I'm allergic to shellfish. Can I still make bouillabaisse?
Yes, you can certainly adapt the recipe! Simply omit the mussels, clams, and shrimp. Increase the amount of firm white fish or add other seafood options like scallops or lobster if you tolerate them. You might want to adjust the seasoning slightly to compensate for the missing shellfish flavour, perhaps adding a touch more saffron or herbs de Provence.
Is bouillabaisse really that hard to make? This bouillabaisse recipe seems approachable, but...
While bouillabaisse has a reputation for being fancy, it's actually quite manageable, especially with a good recipe! The key is to break down the steps: focus on building a flavourful broth first, then gently adding the seafood at the end. It's more about layering flavors than complicated techniques. Think of it as a "posh stew" you can impress your mates with!
How long will leftover bouillabaisse last?

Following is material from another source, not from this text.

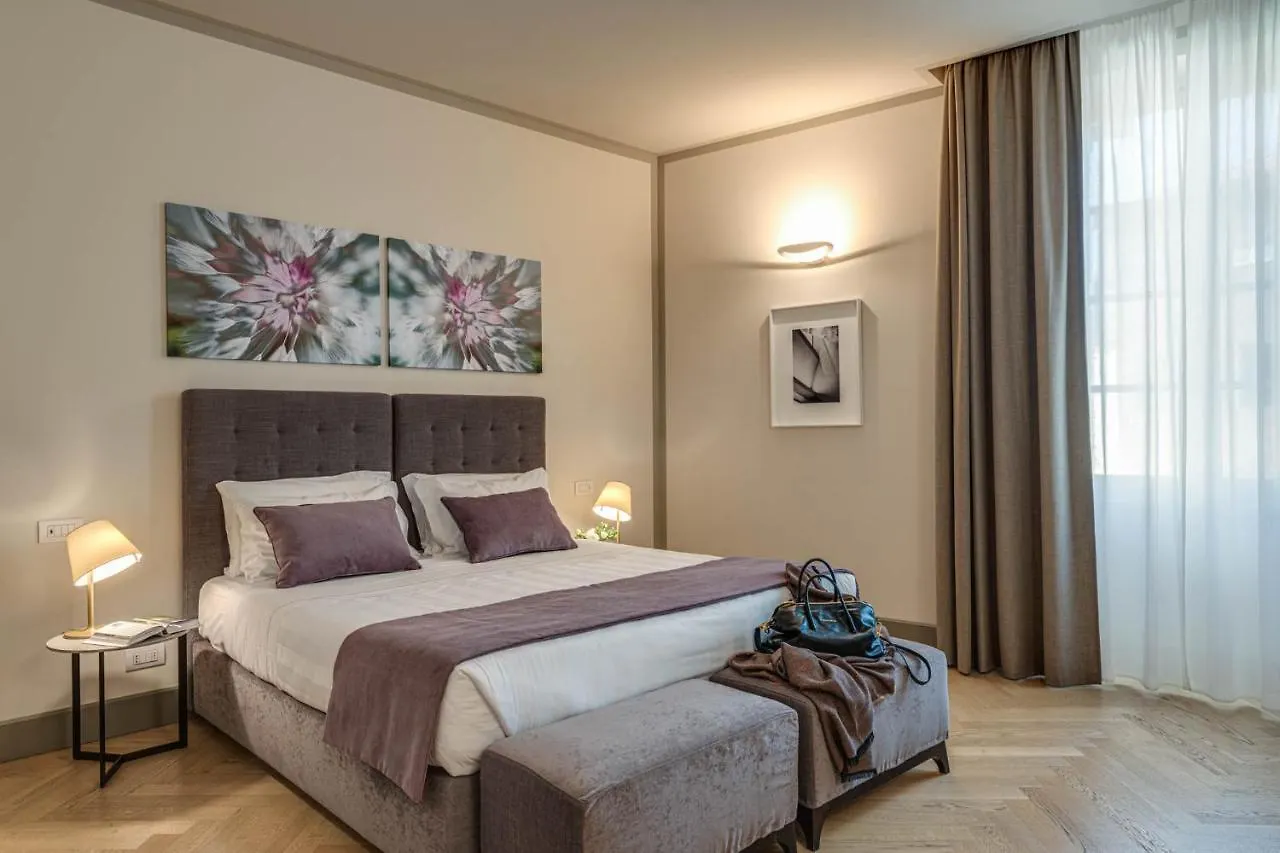 Palazzo Dipinto Hotel Lucca 4*,  Italy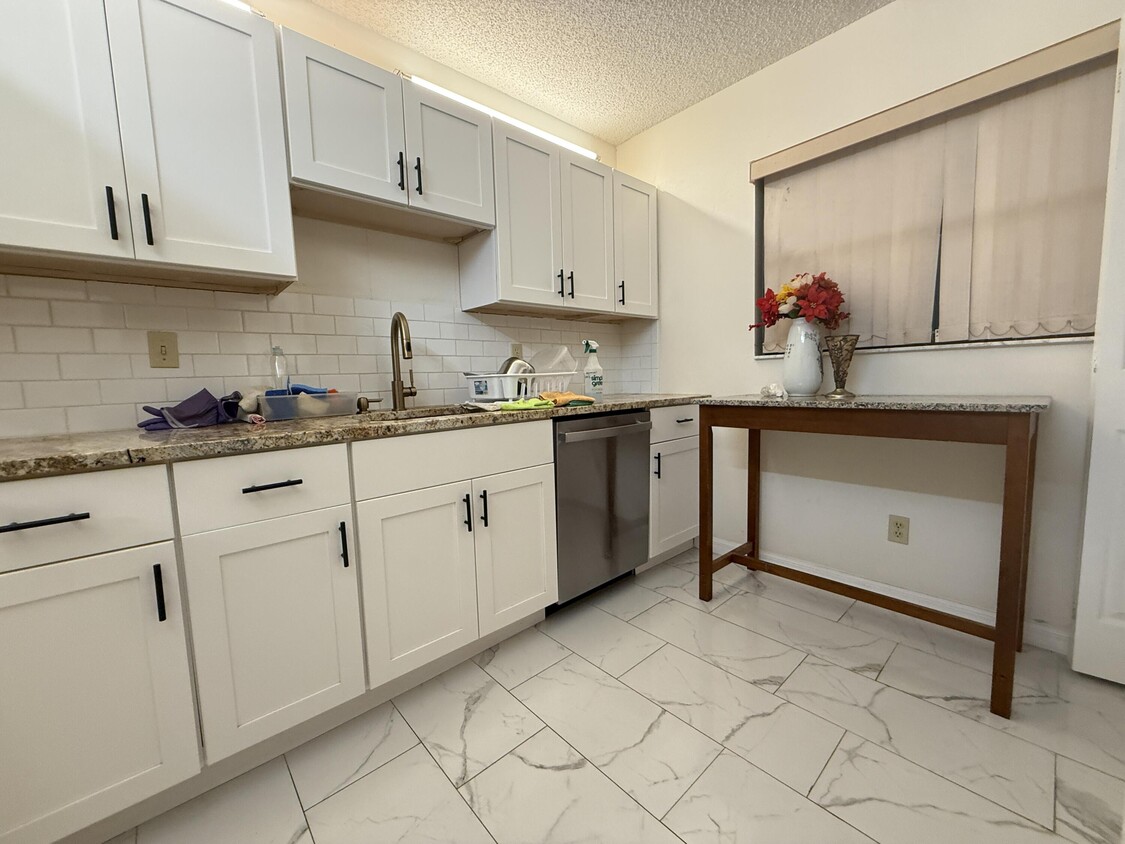 Primary Photo - 1200 SE Parkview Pl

Leftover bouillabaisse can be stored in an airtight container in the refrigerator for up to 2 days. Be aware that the seafood may become slightly firmer. When reheating, do so gently over low heat to avoid overcooking the seafood. A microwave is OK in a pinch, but the hob gives you more control for best results.
What's rouille, and is it essential for bouillabaisse?
Rouille is a classic Provençal sauce, similar to a garlicky, peppery mayonnaise. It's traditionally served with bouillabaisse and adds a fantastic creamy, spicy kick. While not strictly essential (you could just use a dollop of aioli!), it truly elevates the dish and provides a wonderful textural contrast to the soup. It's the equivalent of the "gravy" for your french bouillabaisse experience!